LifeArc, the new name for Medical Research Council Technology (MRC Technology, MRCT) is a British life science medical research charity. It was established in 2000 to translate the work of UK Medical Research Council research scientists.
Today LifeArc provides intellectual property identification, protection and commercialisation, technology development, early stage drug discovery and antibody humanization services for the MRC, academia, biotechnology and pharmaceutical organisations and charities, aiming to move promising medical research forward into viable and accessible patient treatments. Profits from LifeArc's activities are reinvested into further research.
Maps, Directions, and Place Reviews
History
MRC Technology started as the Medical Research Council Liaison Office in 1984, and in 1986 the MRC Collaborative Centre, a laboratory-based technology transfer function, was founded. In 1993, the Liaison Office became MRC's Technology Transfer Group, responsible for office based patenting and licensing.
MRC Technology was set up as a charity and a company limited by guarantee in 2000 to incorporate patenting, licensing and research functions.
On 15 June 2017 it officially became LifeArc.
Antibody Humanization Service Video
Activities
LifeArc has humanised a number of antibodies on behalf of other organisations.

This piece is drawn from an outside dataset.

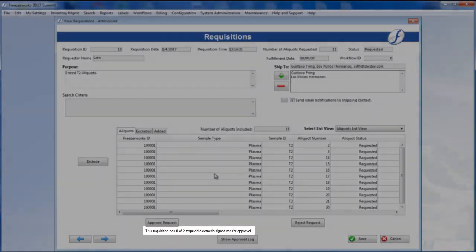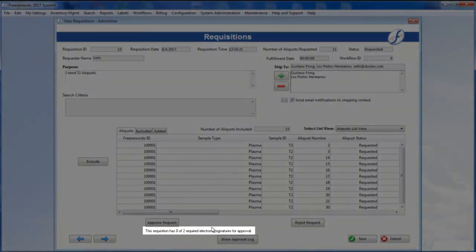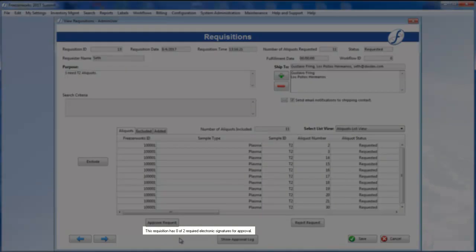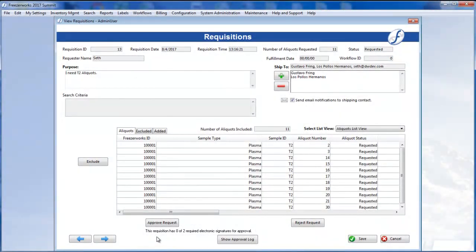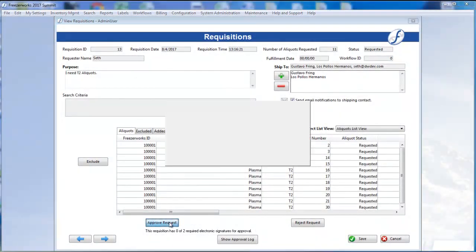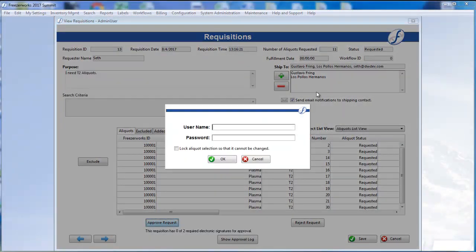there is a little message beneath the Approve Request button, which indicates that two e-signatures are necessary to approve the requisition. Let's click Approve Request, and a small login type dialog appears. Enter your username and password.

Four of these, Tysabri (Biogen Idec/Elan), Actemra (Hoffmann-La Roche/Chugai), Entyvio (Millenium Pharma/Takeda) and Keytruda (Merck/MSD), are now on the market.
In 2010, LifeArc signed a deal with the drug company AstraZeneca to share chemical compounds to help identify potential treatments for serious diseases.
LifeArc is a member of a Global Drug Discovery Alliance along with the Centre for Drug Research and Development, the Scripps Research Institute, Cancer Research Technology, the Lead Discovery Centre and the Centre for Drug Design and Discovery, dedicated to translating health research into new medicines and working together to improve the conversion of global early-stage research into much-needed new therapies.
Dementia Consortium was launched in December 2013 - a unique £3m drug discovery collaboration between Alzheimer's Research UK, LifeArc and pharmaceutical companies Eisai and Lilly.
Neurodegeneration Medicines Acceleration Programme was established in November 2014 to revive promising drugs for brain diseases, which have stalled for non-scientific reasons.